[AUDIT] [SPARK-49743][SQL] OptimizeCsvJsonExpr should not change schema fields when pruning GetArrayStructFields
Closed this issue · 1 comments
amahussein commented
This PR affects the from_json
operator and at least we need to test the behavior on the plugin.
SELECT
from_json('[{"a": '||id||', "b": '|| (2*id) ||'}]', 'array<struct<a: INT, b: INT>>').a,
from_json('[{"a": '||id||', "b": '|| (2*id) ||'}]', 'array<struct<a: INT, b: INT>>').A
FROM
range(3) as t
Earlier, the result would had been:
Array([ArraySeq(0),ArraySeq(null)], [ArraySeq(1),ArraySeq(null)], [ArraySeq(2),ArraySeq(null)])

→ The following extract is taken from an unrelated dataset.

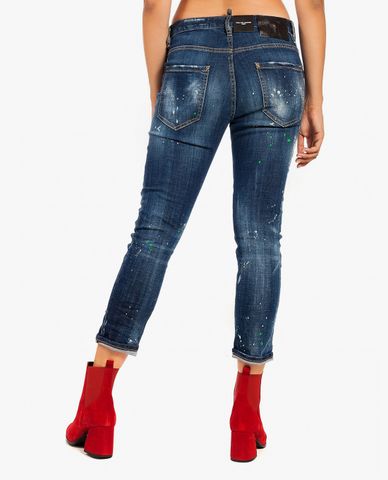  DSQUARED2 - Quần jeans nữ phom ôm wash bạc Cool Girl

vs the new result is (verified through spark-shell):
Array([ArraySeq(0),ArraySeq(0)], [ArraySeq(1),ArraySeq(1)], [ArraySeq(2),ArraySeq(2)])
revans2 commented
I just looked at this a bit more deeply, and this is a bug in a logical plan optimization in Spark. What is more we don't support top level arrays in from_json yet, so this does not impact us at all.